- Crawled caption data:
++++++++++

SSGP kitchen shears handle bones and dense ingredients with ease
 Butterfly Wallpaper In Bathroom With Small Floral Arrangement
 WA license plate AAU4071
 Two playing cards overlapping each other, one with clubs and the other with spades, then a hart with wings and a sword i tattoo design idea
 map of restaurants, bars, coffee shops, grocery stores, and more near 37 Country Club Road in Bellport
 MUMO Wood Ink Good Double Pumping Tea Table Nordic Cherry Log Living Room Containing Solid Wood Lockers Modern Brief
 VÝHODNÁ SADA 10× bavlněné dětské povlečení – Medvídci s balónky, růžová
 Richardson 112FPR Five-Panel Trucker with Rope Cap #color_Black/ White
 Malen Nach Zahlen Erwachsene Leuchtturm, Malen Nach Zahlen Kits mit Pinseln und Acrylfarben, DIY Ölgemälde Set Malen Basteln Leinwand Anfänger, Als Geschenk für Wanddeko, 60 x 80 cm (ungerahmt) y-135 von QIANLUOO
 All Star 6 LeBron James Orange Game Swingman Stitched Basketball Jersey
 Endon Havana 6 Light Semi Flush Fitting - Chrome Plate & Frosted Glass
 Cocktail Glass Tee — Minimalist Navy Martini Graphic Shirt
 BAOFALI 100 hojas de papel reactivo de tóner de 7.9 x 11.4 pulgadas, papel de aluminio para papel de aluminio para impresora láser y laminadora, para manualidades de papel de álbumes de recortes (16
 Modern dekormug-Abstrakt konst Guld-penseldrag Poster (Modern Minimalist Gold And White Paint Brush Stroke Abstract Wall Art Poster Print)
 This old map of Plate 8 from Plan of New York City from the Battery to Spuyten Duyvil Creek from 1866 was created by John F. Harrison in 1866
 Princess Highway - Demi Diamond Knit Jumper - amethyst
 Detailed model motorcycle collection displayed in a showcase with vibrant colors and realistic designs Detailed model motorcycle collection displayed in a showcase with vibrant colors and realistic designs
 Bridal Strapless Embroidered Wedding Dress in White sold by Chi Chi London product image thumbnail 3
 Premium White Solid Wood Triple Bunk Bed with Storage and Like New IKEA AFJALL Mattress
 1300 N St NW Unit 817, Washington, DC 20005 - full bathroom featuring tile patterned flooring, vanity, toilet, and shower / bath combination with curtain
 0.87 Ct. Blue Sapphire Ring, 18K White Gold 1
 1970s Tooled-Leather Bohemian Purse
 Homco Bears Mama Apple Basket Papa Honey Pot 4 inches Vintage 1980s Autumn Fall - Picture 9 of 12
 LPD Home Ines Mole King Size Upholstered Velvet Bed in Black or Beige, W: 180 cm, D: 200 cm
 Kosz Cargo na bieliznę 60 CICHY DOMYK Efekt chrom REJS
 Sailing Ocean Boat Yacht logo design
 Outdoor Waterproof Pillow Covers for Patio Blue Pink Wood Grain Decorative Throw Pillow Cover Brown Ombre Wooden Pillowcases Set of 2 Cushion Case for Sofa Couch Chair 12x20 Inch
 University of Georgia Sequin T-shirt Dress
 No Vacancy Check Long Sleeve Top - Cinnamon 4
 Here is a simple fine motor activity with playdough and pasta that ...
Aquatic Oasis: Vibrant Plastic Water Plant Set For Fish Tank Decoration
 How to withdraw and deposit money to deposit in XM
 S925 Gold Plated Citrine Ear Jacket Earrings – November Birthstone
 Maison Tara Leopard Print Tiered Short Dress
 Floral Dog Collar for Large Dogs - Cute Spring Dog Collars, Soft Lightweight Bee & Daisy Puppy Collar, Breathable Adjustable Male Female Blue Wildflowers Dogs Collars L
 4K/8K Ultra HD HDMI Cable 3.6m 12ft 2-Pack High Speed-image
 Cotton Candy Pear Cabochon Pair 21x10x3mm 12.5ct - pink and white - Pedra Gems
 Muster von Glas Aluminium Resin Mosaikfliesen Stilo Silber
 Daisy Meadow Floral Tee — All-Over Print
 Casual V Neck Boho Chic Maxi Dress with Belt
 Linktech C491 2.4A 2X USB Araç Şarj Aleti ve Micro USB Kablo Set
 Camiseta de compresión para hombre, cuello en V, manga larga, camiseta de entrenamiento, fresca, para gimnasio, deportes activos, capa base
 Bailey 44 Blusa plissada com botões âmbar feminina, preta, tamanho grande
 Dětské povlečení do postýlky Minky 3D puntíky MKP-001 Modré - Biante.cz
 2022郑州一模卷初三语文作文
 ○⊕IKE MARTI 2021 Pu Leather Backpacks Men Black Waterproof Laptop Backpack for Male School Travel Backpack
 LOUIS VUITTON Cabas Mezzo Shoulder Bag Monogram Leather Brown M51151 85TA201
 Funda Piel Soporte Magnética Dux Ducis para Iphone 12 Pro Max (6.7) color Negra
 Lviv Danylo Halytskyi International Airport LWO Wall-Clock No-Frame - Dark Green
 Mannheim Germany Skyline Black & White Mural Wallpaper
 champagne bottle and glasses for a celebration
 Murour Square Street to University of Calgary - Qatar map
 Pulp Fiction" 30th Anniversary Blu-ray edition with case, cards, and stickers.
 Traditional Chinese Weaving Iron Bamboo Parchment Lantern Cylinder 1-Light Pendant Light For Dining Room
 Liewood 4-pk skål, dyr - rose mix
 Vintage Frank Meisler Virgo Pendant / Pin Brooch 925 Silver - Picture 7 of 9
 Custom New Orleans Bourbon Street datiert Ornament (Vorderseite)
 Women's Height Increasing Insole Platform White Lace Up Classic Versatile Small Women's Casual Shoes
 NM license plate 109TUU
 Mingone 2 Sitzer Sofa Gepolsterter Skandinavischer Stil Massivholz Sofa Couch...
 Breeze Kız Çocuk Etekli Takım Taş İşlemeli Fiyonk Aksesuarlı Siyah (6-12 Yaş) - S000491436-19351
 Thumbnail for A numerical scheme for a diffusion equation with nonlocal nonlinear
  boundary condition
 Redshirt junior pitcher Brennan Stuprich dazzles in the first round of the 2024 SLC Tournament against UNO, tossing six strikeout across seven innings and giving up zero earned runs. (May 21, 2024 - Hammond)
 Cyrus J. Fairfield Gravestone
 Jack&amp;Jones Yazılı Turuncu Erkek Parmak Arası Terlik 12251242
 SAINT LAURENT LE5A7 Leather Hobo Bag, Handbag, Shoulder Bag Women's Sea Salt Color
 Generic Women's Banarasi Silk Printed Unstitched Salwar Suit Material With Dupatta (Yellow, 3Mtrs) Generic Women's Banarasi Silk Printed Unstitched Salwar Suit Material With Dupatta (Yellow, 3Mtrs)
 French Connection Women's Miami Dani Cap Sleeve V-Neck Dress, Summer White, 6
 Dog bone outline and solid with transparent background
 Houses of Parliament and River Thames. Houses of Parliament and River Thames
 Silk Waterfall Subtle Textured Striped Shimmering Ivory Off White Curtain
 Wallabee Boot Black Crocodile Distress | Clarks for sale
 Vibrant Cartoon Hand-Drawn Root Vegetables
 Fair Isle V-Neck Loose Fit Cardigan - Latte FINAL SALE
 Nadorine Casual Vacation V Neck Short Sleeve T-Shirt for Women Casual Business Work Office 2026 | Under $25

++++++++++

Nothing but an exact copy of the records belongs in the answer.

SSGP kitchen shears handle bones and dense ingredients with ease
 Butterfly Wallpaper In Bathroom With Small Floral Arrangement
 WA license plate AAU4071
 Two playing cards overlapping each other, one with clubs and the other with spades, then a hart with wings and a sword i tattoo design idea
 map of restaurants, bars, coffee shops, grocery stores, and more near 37 Country Club Road in Bellport
 MUMO Wood Ink Good Double Pumping Tea Table Nordic Cherry Log Living Room Containing Solid Wood Lockers Modern Brief
 VÝHODNÁ SADA 10× bavlněné dětské povlečení – Medvídci s balónky, růžová
 Richardson 112FPR Five-Panel Trucker with Rope Cap #color_Black/ White
 Malen Nach Zahlen Erwachsene Leuchtturm, Malen Nach Zahlen Kits mit Pinseln und Acrylfarben, DIY Ölgemälde Set Malen Basteln Leinwand Anfänger, Als Geschenk für Wanddeko, 60 x 80 cm (ungerahmt) y-135 von QIANLUOO
 All Star 6 LeBron James Orange Game Swingman Stitched Basketball Jersey
 Endon Havana 6 Light Semi Flush Fitting - Chrome Plate & Frosted Glass
 Cocktail Glass Tee — Minimalist Navy Martini Graphic Shirt
 BAOFALI 100 hojas de papel reactivo de tóner de 7.9 x 11.4 pulgadas, papel de aluminio para papel de aluminio para impresora láser y laminadora, para manualidades de papel de álbumes de recortes (16
 Modern dekormug-Abstrakt konst Guld-penseldrag Poster (Modern Minimalist Gold And White Paint Brush Stroke Abstract Wall Art Poster Print)
 This old map of Plate 8 from Plan of New York City from the Battery to Spuyten Duyvil Creek from 1866 was created by John F. Harrison in 1866
 Princess Highway - Demi Diamond Knit Jumper - amethyst
 Detailed model motorcycle collection displayed in a showcase with vibrant colors and realistic designs Detailed model motorcycle collection displayed in a showcase with vibrant colors and realistic designs
 Bridal Strapless Embroidered Wedding Dress in White sold by Chi Chi London product image thumbnail 3
 Premium White Solid Wood Triple Bunk Bed with Storage and Like New IKEA AFJALL Mattress
 1300 N St NW Unit 817, Washington, DC 20005 - full bathroom featuring tile patterned flooring, vanity, toilet, and shower / bath combination with curtain
 0.87 Ct. Blue Sapphire Ring, 18K White Gold 1
 1970s Tooled-Leather Bohemian Purse
 Homco Bears Mama Apple Basket Papa Honey Pot 4 inches Vintage 1980s Autumn Fall - Picture 9 of 12
 LPD Home Ines Mole King Size Upholstered Velvet Bed in Black or Beige, W: 180 cm, D: 200 cm
 Kosz Cargo na bieliznę 60 CICHY DOMYK Efekt chrom REJS
 Sailing Ocean Boat Yacht logo design
 Outdoor Waterproof Pillow Covers for Patio Blue Pink Wood Grain Decorative Throw Pillow Cover Brown Ombre Wooden Pillowcases Set of 2 Cushion Case for Sofa Couch Chair 12x20 Inch
 University of Georgia Sequin T-shirt Dress
 No Vacancy Check Long Sleeve Top - Cinnamon 4
 Here is a simple fine motor activity with playdough and pasta that ...
Aquatic Oasis: Vibrant Plastic Water Plant Set For Fish Tank Decoration
 How to withdraw and deposit money to deposit in XM
 S925 Gold Plated Citrine Ear Jacket Earrings – November Birthstone
 Maison Tara Leopard Print Tiered Short Dress
 Floral Dog Collar for Large Dogs - Cute Spring Dog Collars, Soft Lightweight Bee & Daisy Puppy Collar, Breathable Adjustable Male Female Blue Wildflowers Dogs Collars L
 4K/8K Ultra HD HDMI Cable 3.6m 12ft 2-Pack High Speed-image
 Cotton Candy Pear Cabochon Pair 21x10x3mm 12.5ct - pink and white - Pedra Gems
 Muster von Glas Aluminium Resin Mosaikfliesen Stilo Silber
 Daisy Meadow Floral Tee — All-Over Print
 Casual V Neck Boho Chic Maxi Dress with Belt
 Linktech C491 2.4A 2X USB Araç Şarj Aleti ve Micro USB Kablo Set
 Camiseta de compresión para hombre, cuello en V, manga larga, camiseta de entrenamiento, fresca, para gimnasio, deportes activos, capa base
 Bailey 44 Blusa plissada com botões âmbar feminina, preta, tamanho grande
 Dětské povlečení do postýlky Minky 3D puntíky MKP-001 Modré - Biante.cz
 2022郑州一模卷初三语文作文
 ○⊕IKE MARTI 2021 Pu Leather Backpacks Men Black Waterproof Laptop Backpack for Male School Travel Backpack
 LOUIS VUITTON Cabas Mezzo Shoulder Bag Monogram Leather Brown M51151 85TA201
 Funda Piel Soporte Magnética Dux Ducis para Iphone 12 Pro Max (6.7) color Negra
 Lviv Danylo Halytskyi International Airport LWO Wall-Clock No-Frame - Dark Green
 Mannheim Germany Skyline Black & White Mural Wallpaper
 champagne bottle and glasses for a celebration
 Murour Square Street to University of Calgary - Qatar map
 Pulp Fiction" 30th Anniversary Blu-ray edition with case, cards, and stickers.
 Traditional Chinese Weaving Iron Bamboo Parchment Lantern Cylinder 1-Light Pendant Light For Dining Room
 Liewood 4-pk skål, dyr - rose mix
 Vintage Frank Meisler Virgo Pendant / Pin Brooch 925 Silver - Picture 7 of 9
 Custom New Orleans Bourbon Street datiert Ornament (Vorderseite)
 Women's Height Increasing Insole Platform White Lace Up Classic Versatile Small Women's Casual Shoes
 NM license plate 109TUU
 Mingone 2 Sitzer Sofa Gepolsterter Skandinavischer Stil Massivholz Sofa Couch...
 Breeze Kız Çocuk Etekli Takım Taş İşlemeli Fiyonk Aksesuarlı Siyah (6-12 Yaş) - S000491436-19351
 Thumbnail for A numerical scheme for a diffusion equation with nonlocal nonlinear
  boundary condition
 Redshirt junior pitcher Brennan Stuprich dazzles in the first round of the 2024 SLC Tournament against UNO, tossing six strikeout across seven innings and giving up zero earned runs. (May 21, 2024 - Hammond)
 Cyrus J. Fairfield Gravestone
 Jack&amp;Jones Yazılı Turuncu Erkek Parmak Arası Terlik 12251242
 SAINT LAURENT LE5A7 Leather Hobo Bag, Handbag, Shoulder Bag Women's Sea Salt Color
 Generic Women's Banarasi Silk Printed Unstitched Salwar Suit Material With Dupatta (Yellow, 3Mtrs) Generic Women's Banarasi Silk Printed Unstitched Salwar Suit Material With Dupatta (Yellow, 3Mtrs)
 French Connection Women's Miami Dani Cap Sleeve V-Neck Dress, Summer White, 6
 Dog bone outline and solid with transparent background
 Houses of Parliament and River Thames. Houses of Parliament and River Thames
 Silk Waterfall Subtle Textured Striped Shimmering Ivory Off White Curtain
 Wallabee Boot Black Crocodile Distress | Clarks for sale
 Vibrant Cartoon Hand-Drawn Root Vegetables
 Fair Isle V-Neck Loose Fit Cardigan - Latte FINAL SALE
 Nadorine Casual Vacation V Neck Short Sleeve T-Shirt for Women Casual Business Work Office 2026 | Under $25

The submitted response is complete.